Image-backed grounding data:

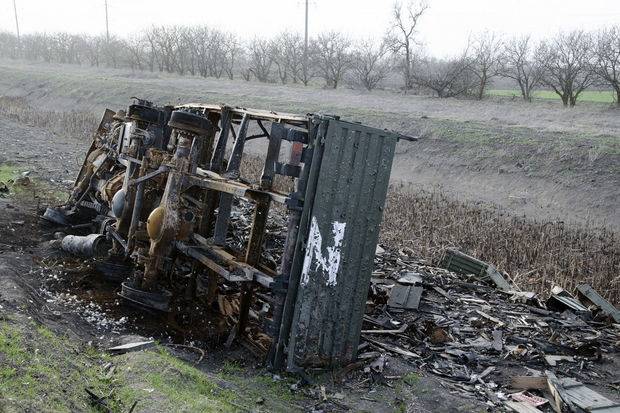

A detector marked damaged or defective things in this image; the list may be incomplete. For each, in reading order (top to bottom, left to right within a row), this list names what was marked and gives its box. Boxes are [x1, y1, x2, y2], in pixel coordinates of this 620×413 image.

burned wreckage [43, 98, 412, 368]
overturned truck [43, 99, 412, 370]
burned chassis [44, 99, 412, 370]
charred debris [41, 99, 616, 408]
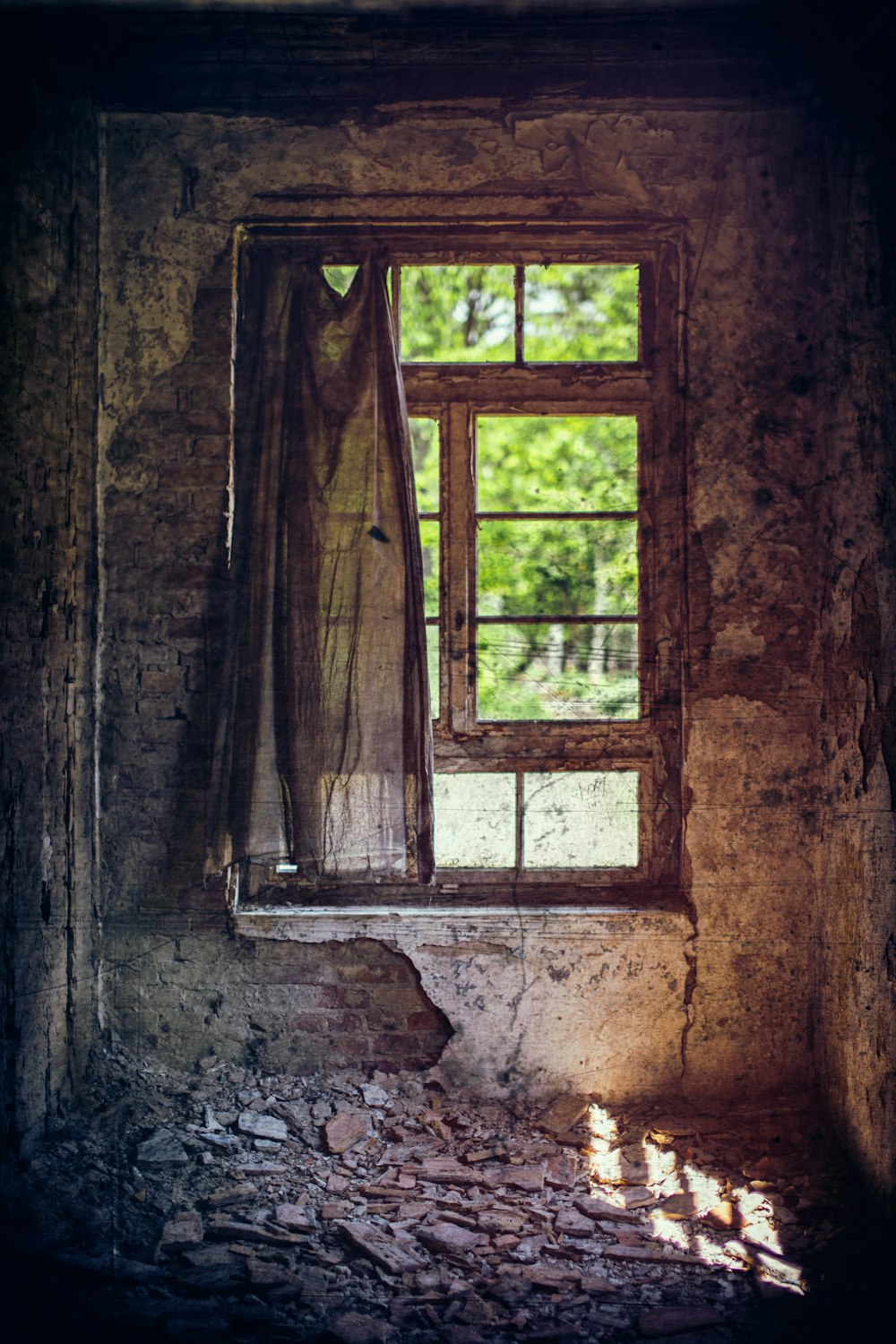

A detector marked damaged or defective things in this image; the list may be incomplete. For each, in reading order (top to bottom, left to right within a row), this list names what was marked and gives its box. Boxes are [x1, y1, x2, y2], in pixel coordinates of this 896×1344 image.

torn curtain [208, 248, 437, 887]
broken plaster debris [4, 1048, 859, 1344]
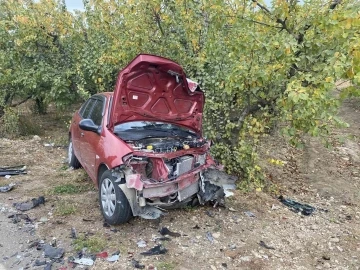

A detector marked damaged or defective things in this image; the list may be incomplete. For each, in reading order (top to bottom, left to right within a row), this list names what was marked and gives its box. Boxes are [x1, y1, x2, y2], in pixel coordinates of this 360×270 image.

crumpled car hood [109, 53, 205, 133]
damaged front end [111, 136, 238, 220]
crushed fender [278, 195, 316, 216]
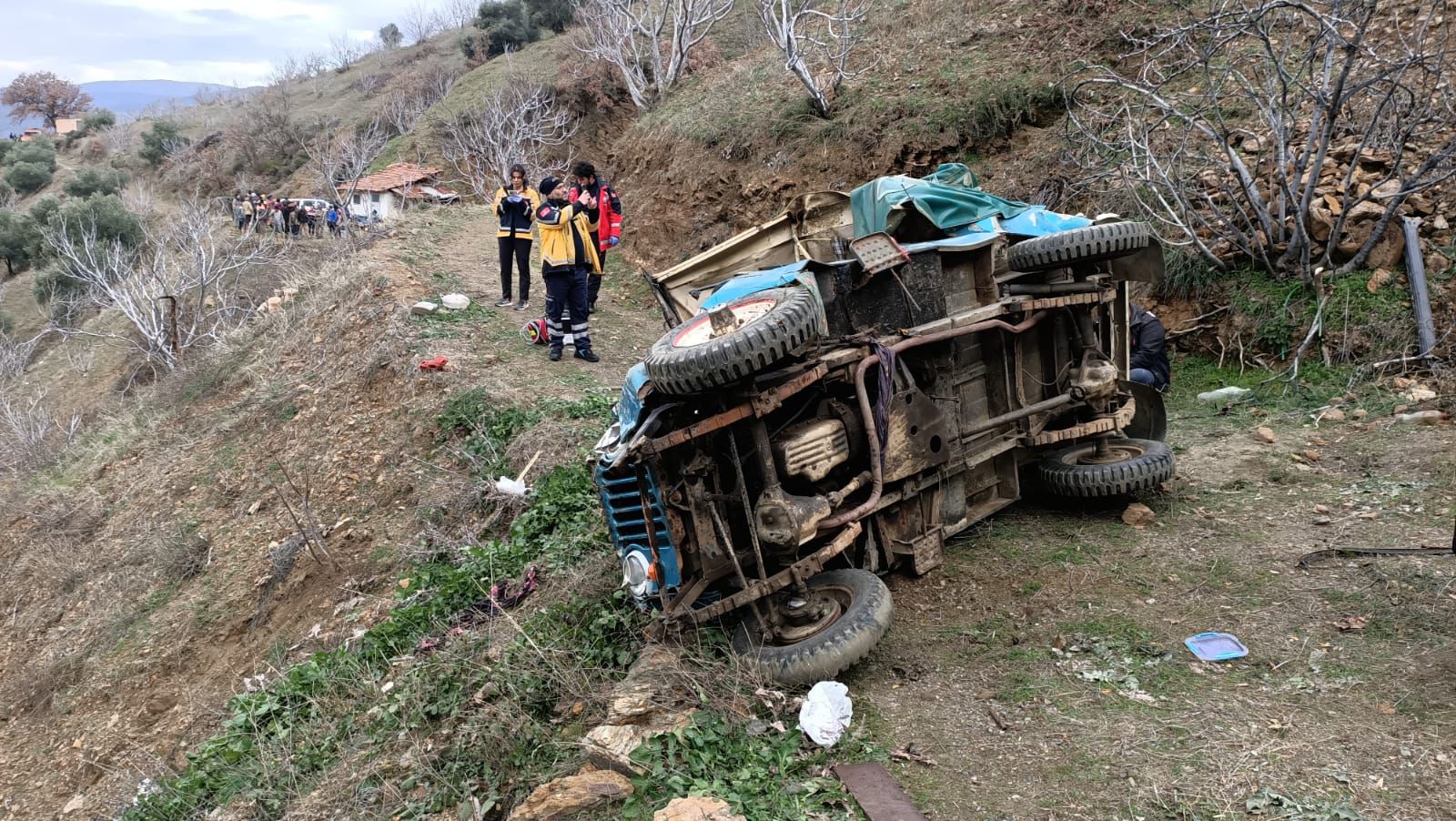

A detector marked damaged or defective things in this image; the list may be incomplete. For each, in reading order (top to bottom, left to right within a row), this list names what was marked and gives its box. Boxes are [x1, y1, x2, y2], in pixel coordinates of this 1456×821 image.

overturned blue truck [590, 164, 1172, 684]
damaged vehicle frame [590, 167, 1172, 688]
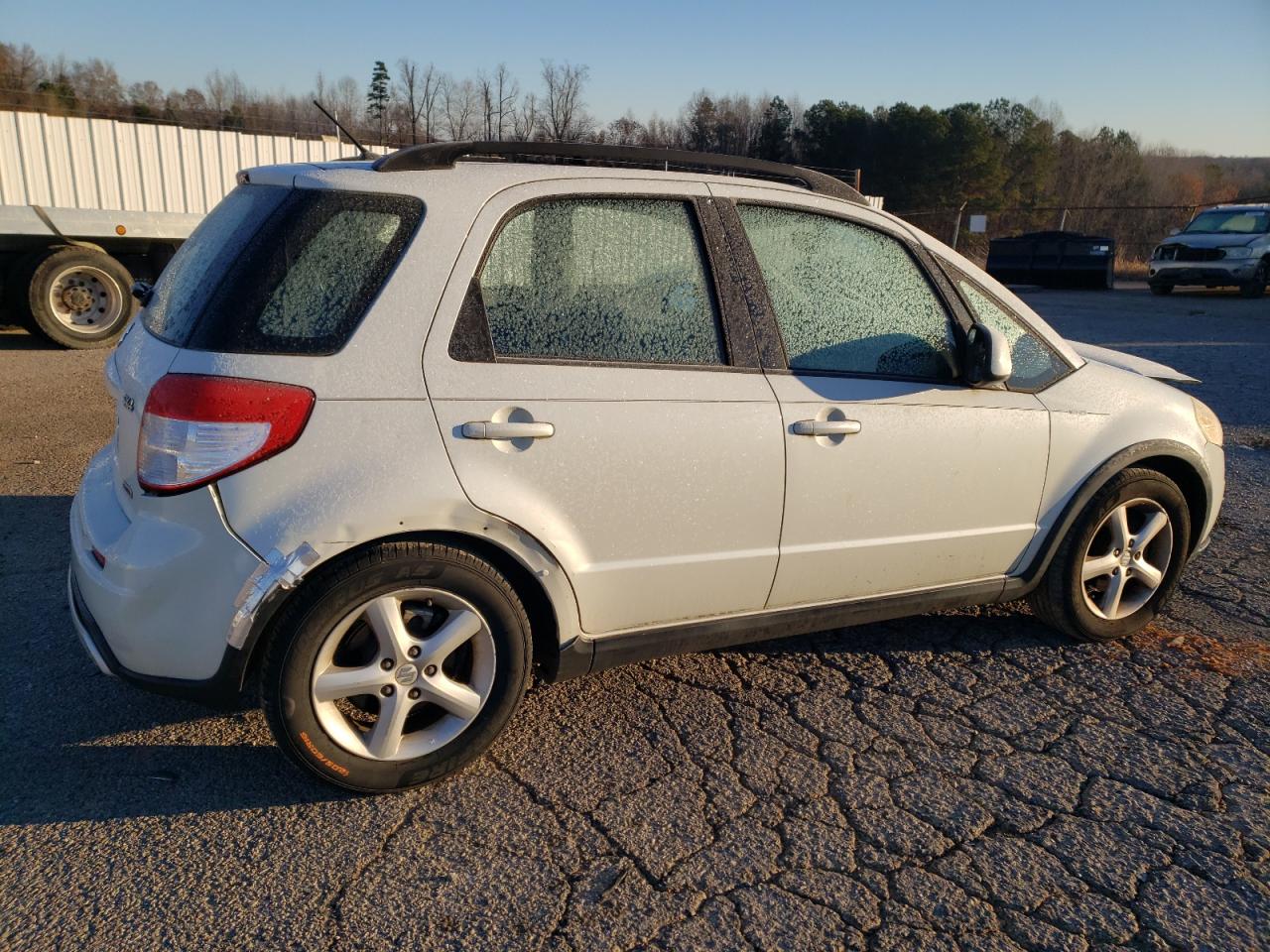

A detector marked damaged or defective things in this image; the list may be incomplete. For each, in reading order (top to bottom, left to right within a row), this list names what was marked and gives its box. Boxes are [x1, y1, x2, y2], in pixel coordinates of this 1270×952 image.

cracked asphalt pavement [0, 286, 1264, 952]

What you have to do:
Write out the entries above verbatim; the pictures do not belong in your copy.

Solved problem:
A detector marked damaged or defective things in this image; the list may be incomplete. For each, in reading order (top to bottom, left to right within a row), this list names what was marked and gives its box. Boxes are [x1, y1, x2, y2], in pixel coordinates of this 620×413 image.

burned wreckage [43, 98, 412, 368]
overturned truck [43, 99, 412, 370]
burned chassis [44, 99, 412, 370]
charred debris [41, 99, 616, 408]

A detector marked damaged or defective things in this image; the list may be incomplete. For each, in reading order (top to bottom, left to right within a row), this list names what was marked and gives its box. Boxes are [x1, y1, x2, y2], in pixel coordinates of this 896×1344 image.

torn curtain [208, 248, 437, 887]
broken plaster debris [4, 1048, 859, 1344]

A detector marked damaged or defective things in this image; the list may be incomplete. For each, in reading order (top to bottom, left to right within a row), this list names what was marked and gives its box. Boxes are [x1, y1, x2, y2], in pixel coordinates of this 360×270 image.

crumpled car hood [109, 53, 205, 133]
damaged front end [111, 136, 238, 220]
crushed fender [278, 195, 316, 216]

A detector marked damaged or defective things in this image; the list may be incomplete. For each, in reading order (top to bottom, left to right within a row), this list names what was marked and gives its box. Boxes are [x1, y1, x2, y2], in pixel coordinates of this 1456×821 image.

overturned blue truck [590, 164, 1172, 684]
damaged vehicle frame [590, 167, 1172, 688]

A detector marked damaged or defective things in this image; the list may be incomplete. For each, in reading order (top to bottom, left to right within a row), this list names what was marked and gives its box. Boxes are [x1, y1, x2, y2], in pixel coordinates of this 1270×952 image.

cracked asphalt pavement [0, 286, 1264, 952]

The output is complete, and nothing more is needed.